Lavonen’s colour scheme includes red and black; again a strong contrast to Rauhala’s muted colours. The turqoise base was made with the mixture of yellow ochre and Prussian blue and used throughout in the woodwork.
Both artists had the content of each painting approved by the supervising committee, mainly consisting of theologians and art historians, and Lavonen says that he and his colleague were given ‘a great amount of artistic freedom’. Rauhala’s elephants caused no disagreement.
The Last Judgement was the most difficult work for Lavonen to conceptualise – and it posed a serious challenge for the committee. Lavonen’s second sketch depicted a female figure holding a set of scales and a lily. Lavonen explained that this would make the viewer to consider justice, or grace: is it better to pass judgement or show mercy?
In medieval church art the Last Judgement is depicted as the moment of rebirth; the female figure was a topic of debate, too. In the third version and final painting there is a lily and a dove, symbolising the Holy Spirit, descending upon the scales, but not tipping them.
‘Man is not the measure of all things – we must see our rightful place in the ecosystem, which the lily represents as flora, the bird as fauna’, says Lavonen. ‘I wanted to include the plant and animal kingdoms…. Man is not the king of all creation, but equal with everything else.’
The handsome book gives the reader an informative and interesting acccount of this rare project of artistic creativity, both spiritual and physical commitment and willpower. The numerous photographs, as well as the carefully constructed layout by graphic designer Ville Heinonen introduce the project in its entirety.
For someone who is not able to assess these new works of sacred art from a religious point of view, Rauhala’s two-dimensional, serene paintings, untouched by signs of human suffering, appear to have a mythical, mystical and universal quality in their profoundly rich symbolism. Inspired by Italian Renaissance and Baroque painters (he is currently writing a thesis on Bernardo Cavallino), Lavonen seems to interpret this suffering through a deeply personal, emotional language of powerful contrasts, with colours of blood and tortured flesh.

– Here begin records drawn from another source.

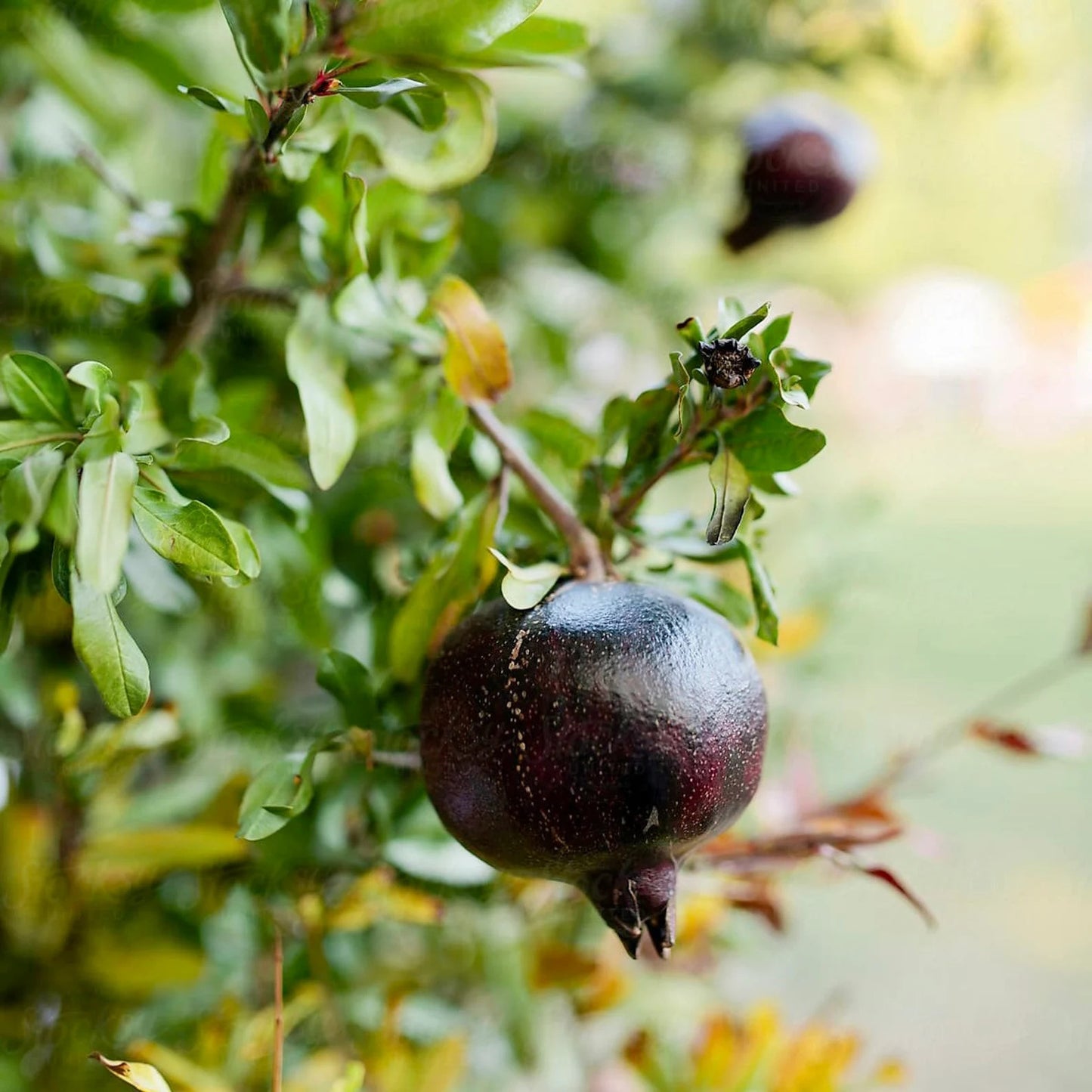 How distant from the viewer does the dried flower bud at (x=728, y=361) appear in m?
0.29

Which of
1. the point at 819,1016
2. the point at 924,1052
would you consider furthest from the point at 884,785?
the point at 924,1052

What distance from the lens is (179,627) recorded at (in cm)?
53

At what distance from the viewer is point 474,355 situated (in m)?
0.35

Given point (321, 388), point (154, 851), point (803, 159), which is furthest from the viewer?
point (803, 159)

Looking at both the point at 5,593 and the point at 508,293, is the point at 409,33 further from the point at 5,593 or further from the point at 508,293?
the point at 508,293

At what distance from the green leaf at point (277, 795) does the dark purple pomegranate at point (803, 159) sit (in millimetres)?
437

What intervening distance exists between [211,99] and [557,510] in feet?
0.48

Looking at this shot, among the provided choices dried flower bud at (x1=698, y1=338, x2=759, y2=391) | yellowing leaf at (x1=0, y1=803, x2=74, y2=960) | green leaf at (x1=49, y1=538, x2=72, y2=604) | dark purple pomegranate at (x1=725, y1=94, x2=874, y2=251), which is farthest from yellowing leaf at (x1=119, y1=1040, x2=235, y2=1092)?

There certainly are impressive stories told in these pictures, for any visitor to this small, beautiful medieval church, with or without Christian faith.
The extraordinary contrast created by the approaches of two very different artists makes the reader want to go and witness it – the beginning and the end – with his or her own eyes.
Tags: art, cultural history
3 comments:
9 October 2010 on 1:00 am
Thanks for sharing this story and artwork at your Website. It is wonderful that part of the Church’s artwork is now accessible online for people– even across the Atlantic Ocean like myself– to appreciate.
28 October 2010 on 7:12 pm
I am not a religious person but I would love to visit this church with its simplicity and freshness, and the clarity of its imagery. What a wonderful article!
23 November 2010 on 9:02 pm
Your article is very interesting. I was performing with a choir in this beautiful, small medieval church on May 15th this year. Beside wonderful sacred paintings the church space has wonderful acoustics. My choir’s pilgrimage was filmed and a DVD recording will be a result as well as a TV program later on.